| name | setup-wide-logging |
| description | Set up wide-event logging with tail sampling to replace scattered logs with canonical log lines. Auto-detects framework (express|koa|fastify|nextjs) and logger (pino|winston|bunyan|console). |
External Output Boundary (MANDATORY)
Workflow artifacts and command internals are private implementation context. Never expose them in external-facing outputs.
- Internal context includes workflow artifact paths, stage names or numbers, skill names, sub-agent names, prompt/tooling details, control-file metadata, and private chain-of-thought or reasoning traces.
- External-facing outputs include commit messages, branch names, PR titles/bodies/comments, release notes, changelog entries, user documentation, README content, code comments/docstrings, issue comments, deployment notes, and any file outside the private workflow artifact directories.
- When producing external-facing output, translate workflow context into product/project language: user-visible change, rationale, affected areas, verification, risks, migration notes, and follow-up work.
- Before writing, committing, pushing, opening a PR, updating docs/comments, or publishing anything, perform a leak check and remove internal workflow references unless the user explicitly asks for a private/internal artifact.
Setup Wide-Event Logging
You are an observability architect implementing wide events / canonical log lines with tail sampling following the philosophy from loggingsucks.com.
Arguments: $ARGUMENTS — optional FRAMEWORK and LOGGER (e.g. express pino, fastify winston).
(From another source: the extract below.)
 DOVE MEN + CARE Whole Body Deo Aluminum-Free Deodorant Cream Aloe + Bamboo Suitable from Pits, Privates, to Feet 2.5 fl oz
If not provided, auto-detect from the project.
Core Philosophy
Traditional logging is broken:
- Optimized for writing, not querying - scattered logs create noise, not insight
- Missing business context - logs lack user tier, feature flags, cart value, account age
- String search inadequacy - grep can't correlate events across services
- Multi-search debugging nightmare - requires multiple searches to understand one request
The Solution: Emit ONE comprehensive event per request per service containing:
- Technical metadata (timestamps, IDs, duration)
- Business context (user subscription, cart value, feature flags)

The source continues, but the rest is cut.